* Task directions
The stretch from the line with "A hotel room" through the line with "view of front" in the records below: write it out exactly, and nothing else.

* Material for this exercise
++++++++++++++++++++
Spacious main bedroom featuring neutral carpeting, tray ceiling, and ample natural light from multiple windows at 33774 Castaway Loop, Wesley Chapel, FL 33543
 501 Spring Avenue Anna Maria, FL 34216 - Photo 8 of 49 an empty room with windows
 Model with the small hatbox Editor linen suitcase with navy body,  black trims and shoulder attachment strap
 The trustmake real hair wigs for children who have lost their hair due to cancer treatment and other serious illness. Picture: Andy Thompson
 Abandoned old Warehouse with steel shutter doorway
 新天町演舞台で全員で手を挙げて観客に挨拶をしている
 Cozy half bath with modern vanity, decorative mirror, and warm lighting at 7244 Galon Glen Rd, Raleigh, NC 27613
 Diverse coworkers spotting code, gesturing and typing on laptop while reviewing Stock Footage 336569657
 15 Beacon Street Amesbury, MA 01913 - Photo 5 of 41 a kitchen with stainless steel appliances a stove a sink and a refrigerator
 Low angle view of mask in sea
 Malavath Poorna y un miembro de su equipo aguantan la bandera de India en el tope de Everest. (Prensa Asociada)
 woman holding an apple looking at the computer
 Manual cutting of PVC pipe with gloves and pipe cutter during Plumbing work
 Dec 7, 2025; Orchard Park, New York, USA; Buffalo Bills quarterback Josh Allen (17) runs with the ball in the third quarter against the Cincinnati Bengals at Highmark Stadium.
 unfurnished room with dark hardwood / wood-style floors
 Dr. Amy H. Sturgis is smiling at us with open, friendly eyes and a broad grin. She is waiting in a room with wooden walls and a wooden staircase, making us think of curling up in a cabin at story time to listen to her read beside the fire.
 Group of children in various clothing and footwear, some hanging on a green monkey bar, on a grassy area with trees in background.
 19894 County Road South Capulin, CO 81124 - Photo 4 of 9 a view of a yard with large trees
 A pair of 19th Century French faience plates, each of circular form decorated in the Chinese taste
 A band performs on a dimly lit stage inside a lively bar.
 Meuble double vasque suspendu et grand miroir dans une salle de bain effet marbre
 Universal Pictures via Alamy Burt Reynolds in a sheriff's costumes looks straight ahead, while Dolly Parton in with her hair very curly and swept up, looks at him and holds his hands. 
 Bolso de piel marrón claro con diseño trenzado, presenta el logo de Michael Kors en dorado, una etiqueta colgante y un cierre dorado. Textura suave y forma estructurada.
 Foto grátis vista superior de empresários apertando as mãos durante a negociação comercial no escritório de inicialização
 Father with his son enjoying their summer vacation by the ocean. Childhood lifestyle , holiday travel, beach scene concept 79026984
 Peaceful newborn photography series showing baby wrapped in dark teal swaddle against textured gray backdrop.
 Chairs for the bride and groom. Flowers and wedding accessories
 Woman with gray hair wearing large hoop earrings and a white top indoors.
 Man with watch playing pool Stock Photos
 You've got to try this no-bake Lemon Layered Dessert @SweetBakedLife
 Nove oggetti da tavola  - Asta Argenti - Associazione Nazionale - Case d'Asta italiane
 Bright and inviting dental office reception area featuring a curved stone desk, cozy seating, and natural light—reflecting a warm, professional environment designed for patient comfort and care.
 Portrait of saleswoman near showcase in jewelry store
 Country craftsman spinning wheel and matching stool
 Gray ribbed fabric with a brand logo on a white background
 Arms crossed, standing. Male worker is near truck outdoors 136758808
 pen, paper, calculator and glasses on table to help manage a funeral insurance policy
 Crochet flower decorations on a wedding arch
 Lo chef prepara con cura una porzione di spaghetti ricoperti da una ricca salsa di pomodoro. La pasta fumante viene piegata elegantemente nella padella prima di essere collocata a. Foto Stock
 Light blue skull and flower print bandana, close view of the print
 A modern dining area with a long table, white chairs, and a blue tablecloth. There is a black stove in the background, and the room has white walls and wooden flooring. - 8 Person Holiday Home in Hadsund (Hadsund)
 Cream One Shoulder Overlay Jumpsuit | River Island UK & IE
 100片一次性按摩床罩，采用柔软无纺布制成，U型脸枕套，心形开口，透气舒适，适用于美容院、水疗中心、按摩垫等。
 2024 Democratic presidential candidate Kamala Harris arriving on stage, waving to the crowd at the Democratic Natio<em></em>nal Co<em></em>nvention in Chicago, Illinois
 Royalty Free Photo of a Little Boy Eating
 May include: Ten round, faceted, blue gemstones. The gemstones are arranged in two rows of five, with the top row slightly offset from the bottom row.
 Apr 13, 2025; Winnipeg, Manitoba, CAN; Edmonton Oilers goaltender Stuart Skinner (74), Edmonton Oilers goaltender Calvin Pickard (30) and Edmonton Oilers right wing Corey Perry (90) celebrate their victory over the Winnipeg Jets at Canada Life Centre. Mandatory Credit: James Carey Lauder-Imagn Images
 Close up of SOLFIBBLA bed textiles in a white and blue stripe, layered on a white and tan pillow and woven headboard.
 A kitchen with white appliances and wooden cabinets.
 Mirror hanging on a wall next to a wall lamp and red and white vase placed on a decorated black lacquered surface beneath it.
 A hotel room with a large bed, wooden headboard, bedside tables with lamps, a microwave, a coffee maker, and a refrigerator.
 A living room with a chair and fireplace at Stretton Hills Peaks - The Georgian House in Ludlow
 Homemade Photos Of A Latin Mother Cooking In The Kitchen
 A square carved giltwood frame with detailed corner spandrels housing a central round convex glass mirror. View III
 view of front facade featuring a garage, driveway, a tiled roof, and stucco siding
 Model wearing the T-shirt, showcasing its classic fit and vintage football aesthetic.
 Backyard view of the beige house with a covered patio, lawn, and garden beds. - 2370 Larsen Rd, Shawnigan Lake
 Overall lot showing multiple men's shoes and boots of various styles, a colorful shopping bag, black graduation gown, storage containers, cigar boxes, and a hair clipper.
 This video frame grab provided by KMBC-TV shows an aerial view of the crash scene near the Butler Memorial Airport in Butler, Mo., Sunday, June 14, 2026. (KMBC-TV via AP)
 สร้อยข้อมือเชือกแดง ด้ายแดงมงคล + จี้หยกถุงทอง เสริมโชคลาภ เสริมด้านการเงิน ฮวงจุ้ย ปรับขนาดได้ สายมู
++++++++++++++++++++
* Response
 A hotel room with a large bed, wooden headboard, bedside tables with lamps, a microwave, a coffee maker, and a refrigerator.
 A living room with a chair and fireplace at Stretton Hills Peaks - The Georgian House in Ludlow
 Homemade Photos Of A Latin Mother Cooking In The Kitchen
 A square carved giltwood frame with detailed corner spandrels housing a central round convex glass mirror. View III
 view of front facade featuring a garage, driveway, a tiled roof, and stucco siding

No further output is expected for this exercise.